A garota que chorava sangue, sangra uma lágrima e morre.

Ela acorda no meio de um lixão, sua visão turva vê moscas e lixo eletrônico espalhado pelos seus arredores. Entre o entulho, a Lua parece enquadrada como uma fotografia. Só a luz pálida do satélite faz ela lembrar do amigo. Ela tenta levantar e é como se mil agulhas furassem cada centímetro do seu corpo.

Ela chora.

Melissa sempre foi sozinha, seu pai era envolvido com alguma coisa ilícita e sua mãe provavelmente estava morta.

Ela passava os dias numa casa escondida que seu pai comprara para a manter segura.
Nessa vida resumida em bocejos e silêncio, Melissa achava sua única felicidade em quebrar as garrafas caras de seu pai, deixar o álcool vazar pelo chão e dançar na pilha de vidro e sangue e whiskey que era criada. Terminava suas noites rolando pelo chão, rindo, chorando, sentindo.

Em uma de suas comemorações, um estranho ser de luz apareceu.
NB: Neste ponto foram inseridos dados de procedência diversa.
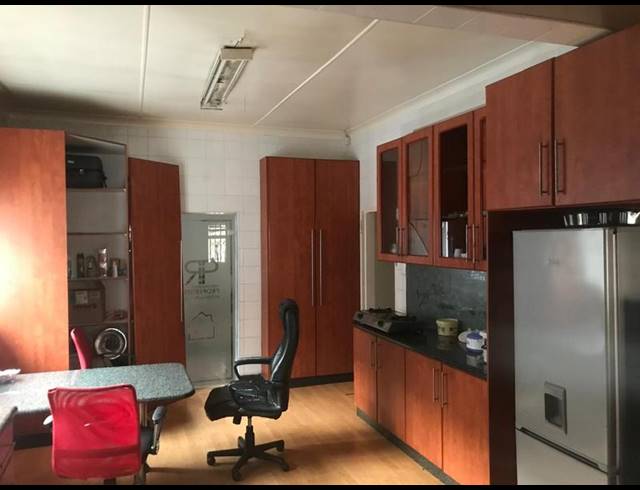 2 BEDROOM PROPERTY TO RENT IN KENSINGTON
Ela tentou fugir, mas ele atravessava paredes. Tentou mata-lo, mas atravessava garrafas quebradas, também.A criatura agarrou os braços da menina e a abraçou. Disse que a garota tinha algo para cumprir. Que um dia eles fugiriam juntos para um lugar que nem seu pai poderia perseguir.Eles passaram a noite conversando sobre estrelas e sobre os lugares que ela conheceria quando estivesse pronta.

Na noite antes de sua morte, Melissa foi visitada novamente por Aldebarã. O Anjo disse que tinham de parar de se ver. Que ela não poderia escapar, que era para a garota esquecer. Ele não tinha esse direito. Ela não deixaria sua promessa ser anulada. Ele viria a Terra por ela de novo.

Uma fratura craniana, uma fratura ocular, uma fratura exposta no braço, dois joelhos quebrados. Então como ela estava inteira? Seu corpo ainda doía e um de seus olhos se foi, mas ela estava viva. Ela não conseguia se mover, mas ouviu a voz de um Estranho, pigarrenta e áspera, reclamando.

- Belo showzinho, imunda, tu queria chamar a atenção Dele e conseguiu. - A garota abre a boca para indagar, mas não consegue.
- Eu preciso de algo que ele tem, então vou te quebrar esse galho e te ensinar alguns truques de mágica.

Ela finalmente consegue levantar a cabeça, justo a tempo de ouvir O Estranho balbuciar algo em latim e apontar o dedo para um dos ratos escondido em uma pilha da garrafas de vidro.

Com uma explosão, o roedor virou uma pasta vermelha de vísceras e vidro voou para todo lado.
Nyx havia encontrado a chave para Aldebarã.

Acordar às sete da noite e ir dormir às três da tarde.Comer só restos de comida encontrados no lixo.Atrair moscas, feder mais que o lixão.Acordar com ratos mordendo seu corpo.Tossir sangue ao falar encantações proibidas.Infecções.
Vômitos.
Sangue.

Novamente, a garota era abandonada, antes, foi abandonada antes de morrer, agora, era abandonada antes de nascer.

A garota fedia a óleo de motor e suor, seu cabelo era um emaranhado oleoso e suas bandagens tinham de ser trocadas, mas ela não se importava.
Não se importava que já fazia um mês que não via seu reflexo sem um capacete.
Não se importava que o casaco que usava tinha buracos de bala e manchas de mofo.
Melissa nunca teria coragem de ser assim. Por Melissa isso morreu.

Por isso Nyx nasceu.

Um loiro vagabundo, tão disfuncional quanto ela e O Estranho apareceu no lixão. Parecia um policial mas nenhum policial poderia beber tanto num dia só.

Ele falava sobre Acervo isso, Strange aquilo e aí começava a reclamar do seu time de futebol americano e pegar no sono num sofá podre que Nyx usava como cama.

Nyx cogitou fugir algumas vezes, mas acabou desistindo quando O Homem balbuciou algo sobre Translação. O Estranho mencionou, mas jurou matar Nyx se ela tentasse força-lo a ensinar.

Novamente Nyx encontrava o caminho para Aldebarã.